RIL has risen 38 percent, while TCS has vaulted as much as 55 percent so far in the year 2018.
TCS remains the leader in the IT space and weakness in the Indian currency is acting like a tailwind for the stock, and for RIL, there are a plenty of tailwinds in terms of robust subscriber addition for Jio, strong performance from retail business as well as best petchem margins in the industry.
Most experts feel that if you own both the stocks then this is probably not the time to book your profits and holding them for higher returns would be the right strategy. However, the upside for TCS remains fairly limited when compared to RIL, suggest experts.

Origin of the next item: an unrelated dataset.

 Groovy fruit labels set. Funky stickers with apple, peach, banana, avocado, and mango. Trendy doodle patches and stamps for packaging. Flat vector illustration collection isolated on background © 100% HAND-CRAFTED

“Both RIL and TCS have been major movers in the Index. While RIL was the first to cross the Rs 8 lakh-cr market cap mark, TCS was not far behind to cross the landmark level soon after. While TCS remains a strong market leader in the IT services business with strong growth, we believe that high valuations at 25x FY19 P/E leaves little on the table from a 1-year perspective,” Siddharth Khemka, Head- Retail research, MOFSL told Moneycontrol.
“We have a Neutral Rating on TCS with a target price of Rs 1,950 from a one year view. Reliance Industries has reported strong June quarter numbers led by a superior petchem performance in the standalone business, and robust RJio and retail performance in the consolidated business,” he said.
Khemka expects strong earnings growth for the next two years along with comfortable valuations. The brokerage house has a buy rating on Reliance Industries with a target price of Rs 1,477, which translates into an upside of above 15 percent from Friday’s closing price of Rs 1,276.75.
Mayuresh Joshi - Fund Manager, Angel Broking also feels that the upside remains fairly limited for TCS, while the stock of RIL could see some more traction in value terms.
“RIL still has the best GRM in the refining space and one of the best pet-chem margins in the world. Also, the telecom space may see more value in terms of monetizing its ecosystem,” he said.
However, some experts are skeptical about the rally in RIL because it has come in quick time.
Sumeet Bagadia, Associate Director at Choice Broking shares a similar opinion. “We have a negative view on RIL with a sell rating. We believe that the current valuation is ahead of the fundamentals for RIL. We maintain a 12-month target of Rs 1,085 on the stock,” he said.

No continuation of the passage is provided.